I have no clue. While I appreciated my hunk of fair-trade, organic dark chocolate with my cabernet, something about the wine wasn’t vibing with me anymore. It hadn’t been for months. Something told me to take a picture of the empty glass, though, because I might want to look back at it later. 

That time is now. 

I wasn’t even sure when the “right” time to write this article would be. I had a sense I’d write something about it, hence the photo.

  • Do people talk about not drinking after not drinking for a week, a month, or three months?

  • When’s the appropriate amount of time to write about it? 

  • Should I wait a whole year to mark the occasion?

A client of mine, also recently sober curious, held an intimate masterclass about this topic.
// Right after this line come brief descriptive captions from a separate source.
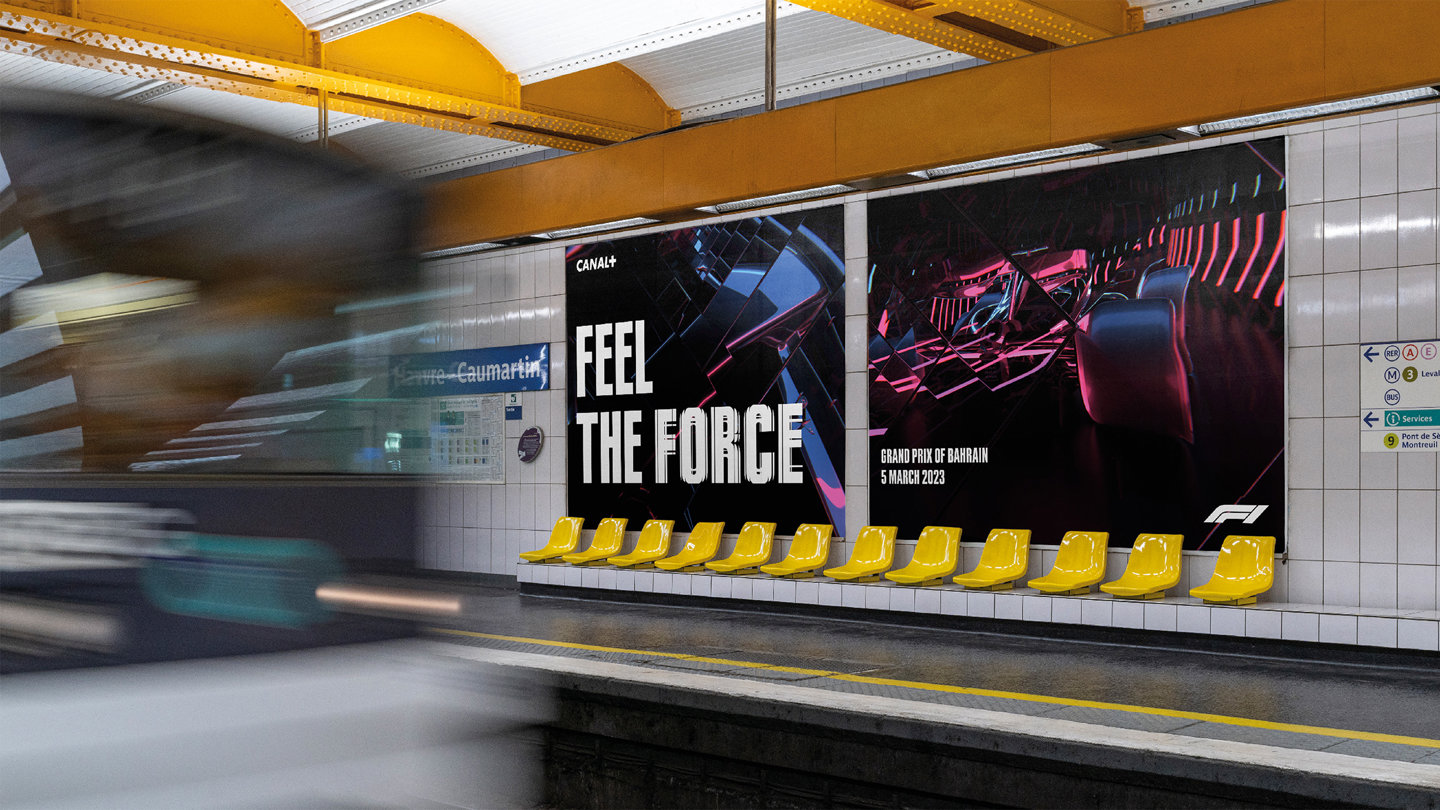 Two print ads for Canal+ reading 'Feel the force' on a station platform behind seating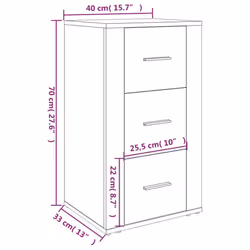 vidaXL Sideboard Engineered Wood Indoor Cupboard Home Organiser Multi Colours - White - Additional view 9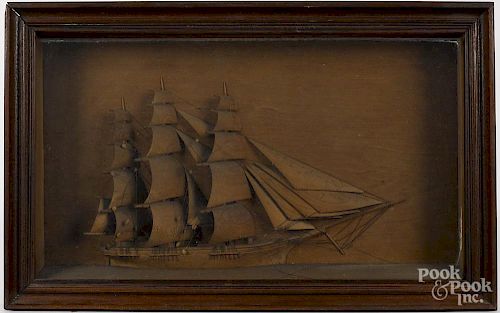 Carved pine ship diorama, late 19th c., 17 1/4'' x 27 3/4''.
As I supported her with the promo messaging, I knew I needed to be there, too, so I signed up. I didn’t really think about what I was doing as “sobriety” — it was just “not drinking.” Weird, the labels society wants us to use.

During the 90-day candida cleanse (I think that’s how long it was, I lost track), there was only one time where I wanted to pour myself a glass and settle into the couch. It was the first Friday night on the detox protocol. 

It was Friday night, after all. I deserved a glass of wine. I earned it. And let’s not forget the chocolate. Oh, shit. Can’t have that right now on account of no sugar. I made myself a rose cacao latte and sweetened it with stevia.

I lost count of how many times I told myself the line that I deserved it.

Rough day at work (back in my corporate days — those days don’t exist in my business now), have some wine.

Finish a big writing project, celebrate with bubbles.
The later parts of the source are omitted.